Pow Wows are events that bring together Indigenous communities across the country in a cultural celebration of tradition, art, music, dance, and song.  Communities gather at dozens of vibrant Pow Wows to honour their heritage, strengthen bonds, and share their culture.  For visitors, it’s a thrilling spectacle to witness first-hand, especially if you show up knowing a few tips beforehand (See TIPS FOR VISITING A POW WOW below).


“It gets me from zero to a thousand in lividness when we’re called a theme restaurant,” Inez Cook tells me inside her popular Vancouver restaurant. Salmon n’ Bannock is the only Indigenous restaurant in the city, with a unique menu of dishes that incorporates ingredients native to the region, creatively adapted for discerning and adventurous urban palettes.  “Japanese or Italian food is not a theme.  Indigenous is not a theme. We are living cultures.”

Ryan echoes her frustration.  “Many people think Indigenous people are from the past, that our culture is dead and we belong in museums.  It’s important to understand that we are resilient, we’ve adapted, and our culture is still thriving and actively practiced in communities.”

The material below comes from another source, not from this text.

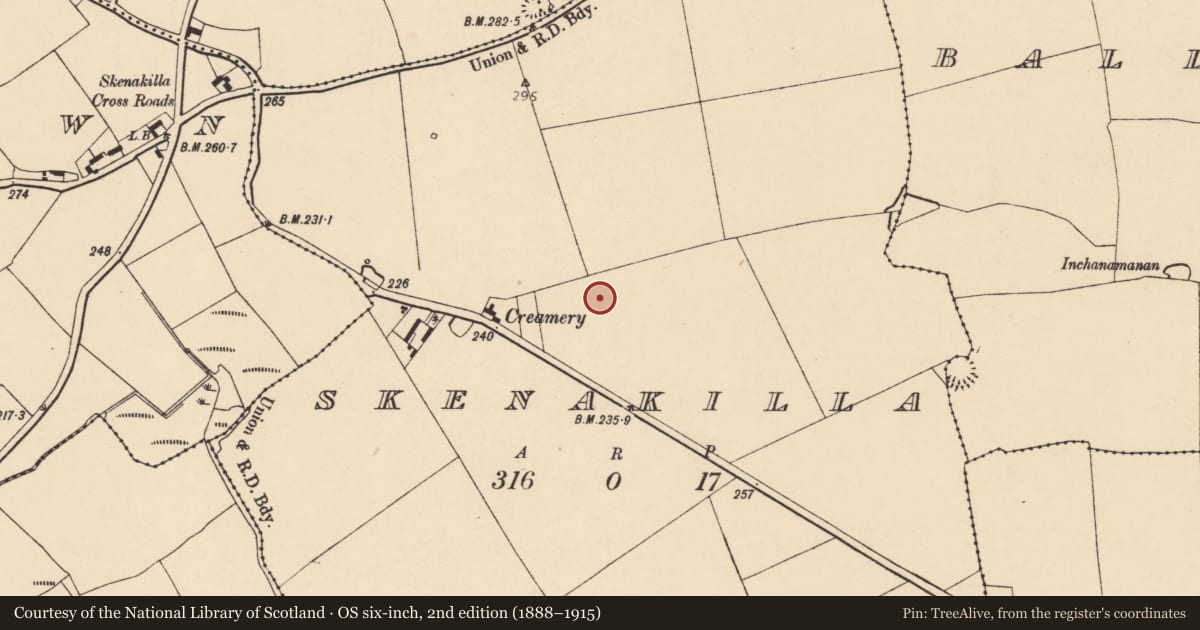 Ordnance Survey six-inch map, 2nd edition (1888–1915) covering the location of Fulacht fia, Skenakilla, County Cork, with a pin at the register's coordinates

READ MY CANADIAN GEOGRAPHIC COLUMN:  Wendake: Illuminating the past, present and future of Indigenous tourism

Photo: Courtesy ITAC



Above all else, the Indigenous Tourism Association of Canada wants to encourage visitors and guests to learn more about Indigenous history and traditions in Canada.  This stretches from time immemorial to the more recent impact of colonialization, the reserve system, residential schools, Indian Act, and Truth and Reconciliation Committee.   “It will help explain the reasons behind any harsh social conditions that visitors might encounter,” says Ryan. Context is essential when hearing stories about drug abuse, high suicide rates, dry communities, or challenging housing conditions.  Learning more about communities and destinations you visit before you visit creates a more thoughtful, rewarding experience.

The old man told me he was part of the First Nations, the people who have lived in this region of British Columbia from the earliest of times.  He asked me where I was from, and how long I had been in Canada.  I explained I had only recently immigrated from South Africa to Vancouver.  He smiled.  “Welcome. There is place for all of us here.”   He wandered off to his car, leaving me with a lot questions, curiosity, and a vivid memory of my first Indigenous encounter.


  • Arrive punctually to avoid missing significant moments, including the opening and Grand Entry.
  • Dress modestly for the ceremony. In warm weather, a t-shirt and shorts are acceptable.
  • Show reverence for the Grand Entry and Opening Prayer, led by an Elder.
  • Ask for consent before taking pictures: Note that certain ceremonies and prayers should not be photographed.
  • This is a cultural event, not a party: The use of alcohol and drugs is strictly prohibited.
  • Pay attention to the announcers to know when to sit, stand, or participate in the dance.
  • Understand the difference between traditional ceremonies and competitive performances.
  • Show respect to elders or dancers by offering tobacco before posing a question.
  • Support Indigenous artisans and vendors, contributing to their families and communities.
  • Regalia is a deeply significant form of expression: ask for permission before touching or taking pictures of regalia.
  • Ask questions: if you’re not sure what’s going on, simply ask those around you.